Yaşar Yakış’ın kaleme aldığı makalede, yeraltı dünyasının tanınmış ismi Sedat Peker’in açıklamaları, Türkiye’deki yolsuzlukların, düzensizliklerin, hukukun üstünlüğünün yok edilmesinin, güvenlik ve yargı arasındaki rekabetin su yüzüne çıkması olarak değerlendirildi.
”Peker, kampanyasını video çekerek ve sosyal medya aracılığıyla yürütüyor. Milyonlarca takipçi tarafından izleniyor. İfşa ettiği şeylerin çoğu, geçmişte zaten sızdırılmış olaylarla ilgili, ancak bu kez bu tür yasadışı eylemleri işleyen bir aktör tarafından seslendiriliyor ve daha organize şekilde ifşa ediliyor.” diyen Yaşar Yakış, Peker’in AKP içindeki iki rakip güç merkezi arasındaki rekabetin kurbanı olduğunu söyledi.
Yakış, taraflardan birinin Erdoğan’ın damadı Berat Albayrak olduğunu ve Albayrak’ın Hazine Bakanlığından istifa ettiğini, hala kayıp olduğunu, diğer güç merkezinin ise Erdoğan’ın yerine geçmesi olası kabul edilen İçişleri Bakanı Süleyman Soylu olduğunu belirtiyor.
Yakış, analizini, ayrıntılarla daha da genişletiyor.

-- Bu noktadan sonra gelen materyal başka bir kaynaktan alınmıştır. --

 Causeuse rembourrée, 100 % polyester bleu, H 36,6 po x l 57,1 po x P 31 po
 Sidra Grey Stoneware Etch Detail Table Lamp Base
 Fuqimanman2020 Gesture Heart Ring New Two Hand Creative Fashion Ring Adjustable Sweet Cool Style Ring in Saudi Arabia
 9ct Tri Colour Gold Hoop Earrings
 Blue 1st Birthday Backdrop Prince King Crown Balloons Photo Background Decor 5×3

AKP içindeki bölünmeden önce Peker’in, AKP’yi tanıtmak için gönüllü olduğunu, AKP hükümetin Kürtlere yönelik politikasını eleştiren bir açıklama yapan akademisyenlere, “Bu akademisyenlerin kanını sel gibi akıtacağız ve kanlarıyla duş alacağız.” dediğine yer veriyor.
Yakış’a göre, Peker yanlış ata bahis yaptı ve tutuklanacağını hissettiğinde önce Karadağ’a, sonra Kuzey Makedonya’ya, ardından Fas’a, son olarak Türkiye’nin iade anlaşması olmayan BAE’de yerleşti.

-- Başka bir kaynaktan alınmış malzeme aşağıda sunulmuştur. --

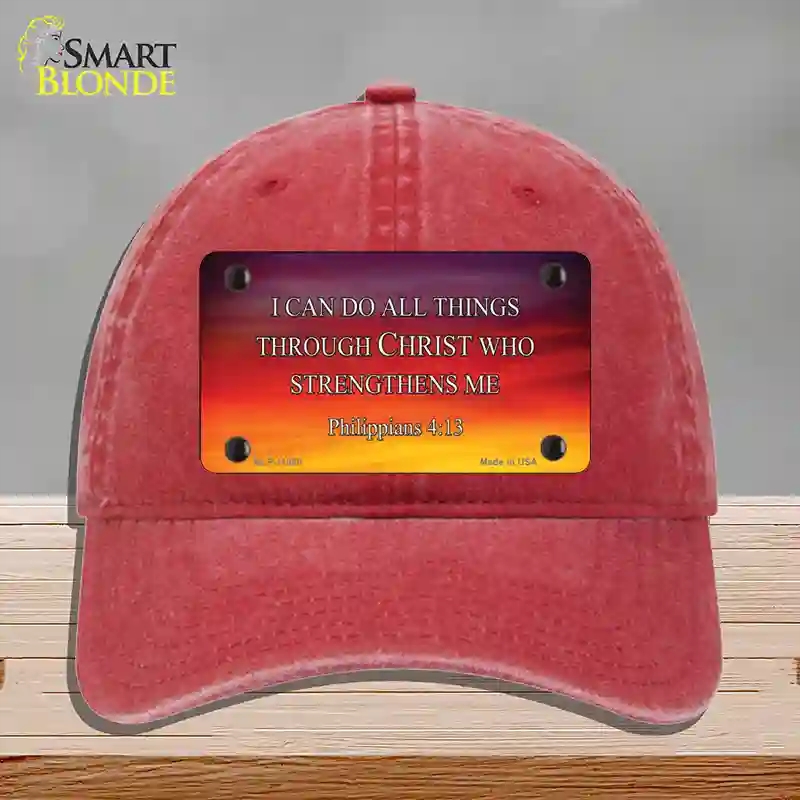 HAT13-MLP-11885 Philippians 4 13 Novelty License Plate Hat, Unconstructed Cotton - Red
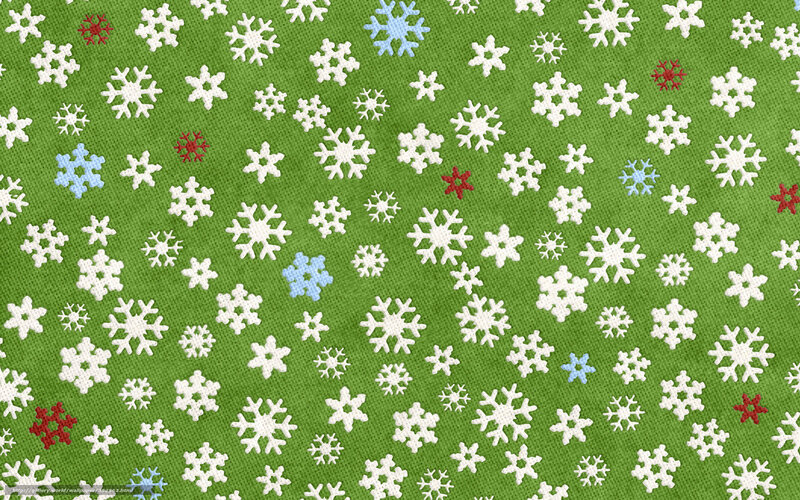 snowflake pattern on green fabric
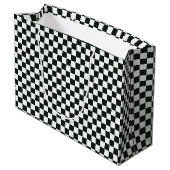 Retro Black White Checkered Santa Claus Christmas  Große Geschenktüte (Rückseite Schrägansicht)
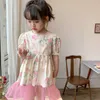 Vestidos de menina Crianças vestir vestido de mangas de bolha da garota 2023 verão novo bebê doce saia princesa vestido de festa para crianças menina aa230531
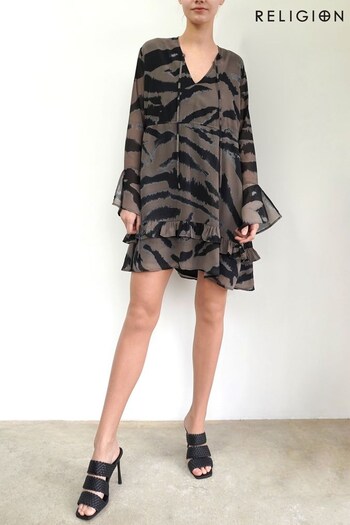 Religion Zebra Print A Line Ashley Tunic Dress With Frill Hem In Abstract Cloud Print (P84916) | £85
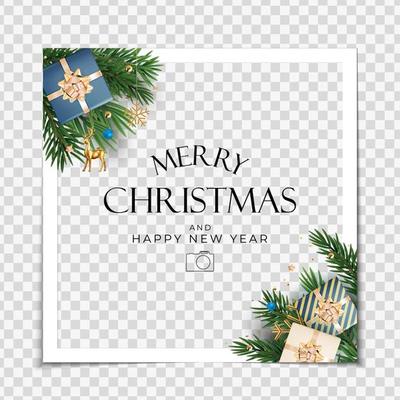 Christmas Holiday Party Photo Frame Background. Happy New Year and Merry Christmas Poster Template. Vector Illustration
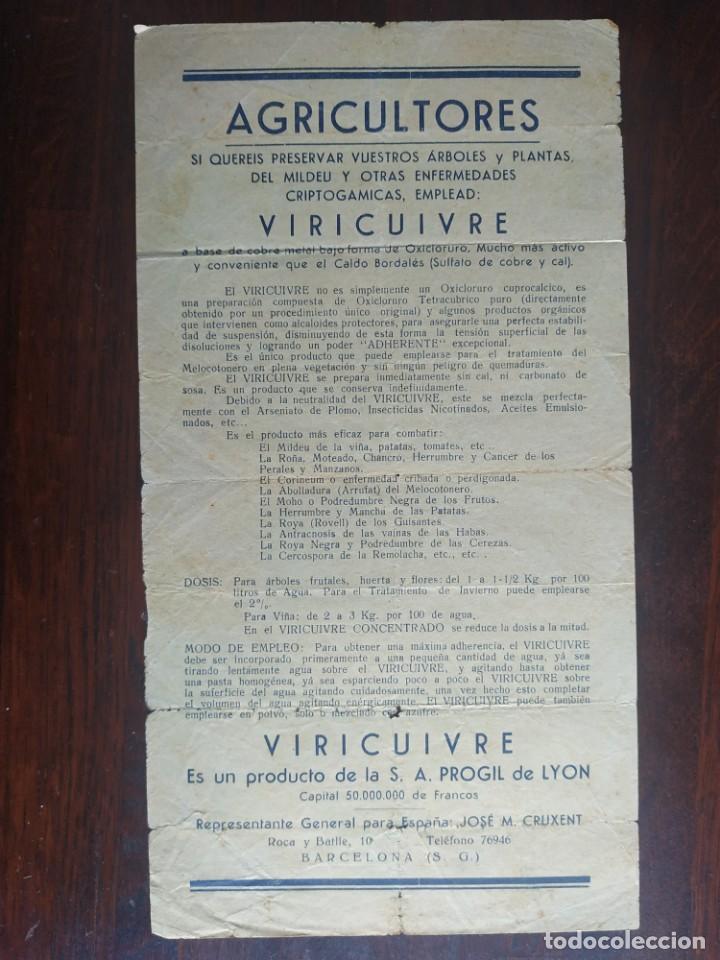 Cat&aacute;logos publicitarios: Viricuivre campa&ntilde;a publicitaria nuevo tratamiento para arboles y plantas a&ntilde;os a&ntilde;os 40&acute;s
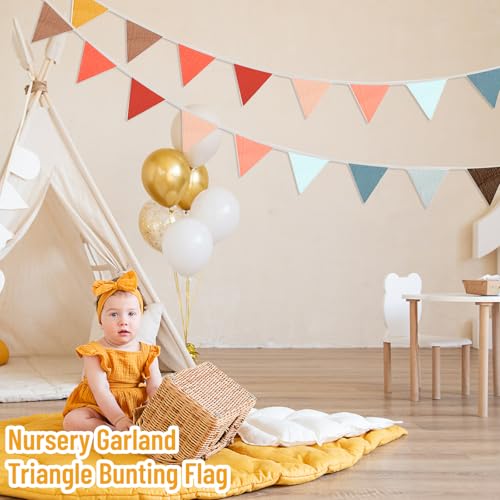 2PCS Pennant Banner Flags, Fabric Bunting Banner Nursery Garland Decor, Baby Shower Garland, Triangle Flags for Baby Boy Room, Playroom, Boho Birthday Party Decor, Each 7.75 ft (Yellow Red Blue)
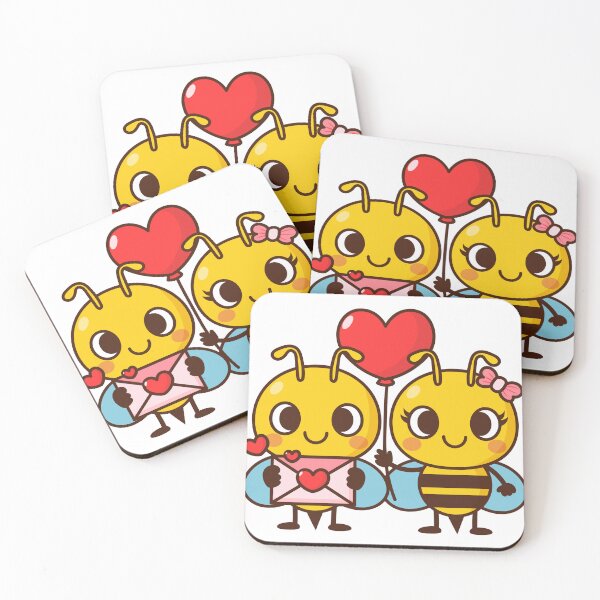 Item preview, Cute Bee cartoon and heart Valentine's day designed and sold by NoeySmiley55.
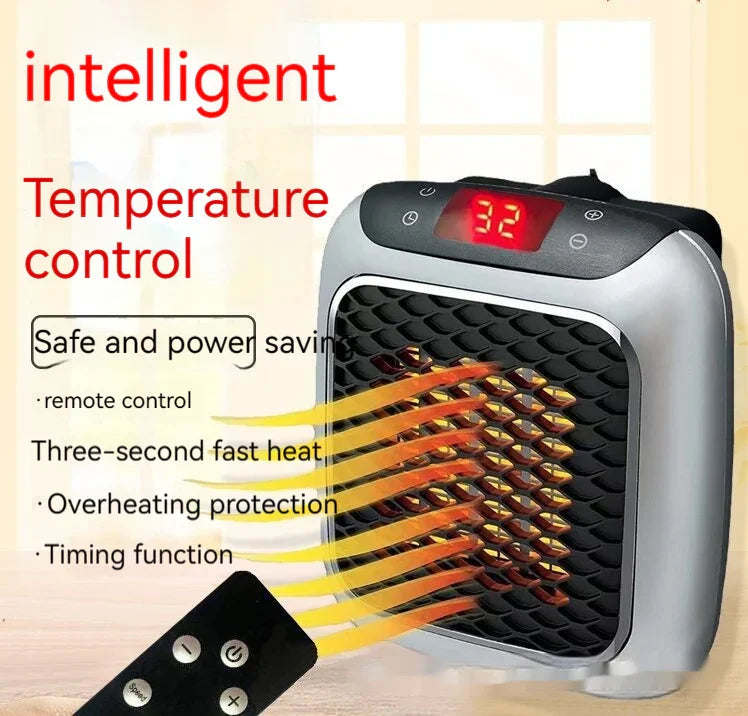 Compact electric space heater with digital temperature display, mesh front, and remote control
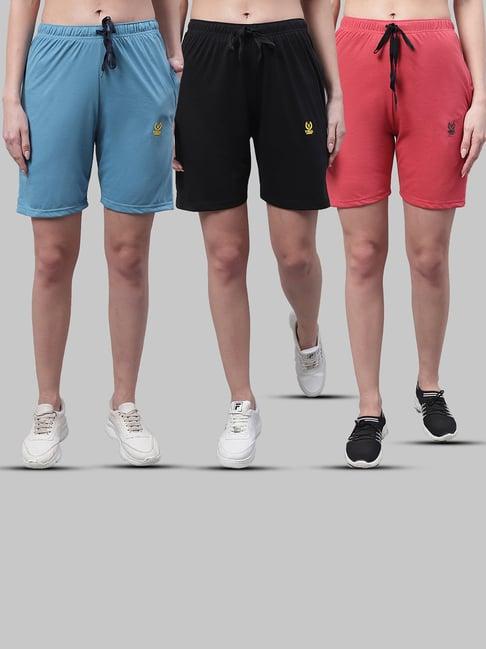 vimal jonney multicolor cotton sports shorts - pack of 3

Yakış, Türkiye hukuk sisteminin kalmadığını ima ederek, Cemil Çiçek’in, “Anlatılanların binde biri doğruysa ülke için büyük felaket” sözünü aktardı ve yazısını şu cümleyle bitirdi: “Bir Türk atasözü derki, minareyi çalan, kılıfını hazırlar.”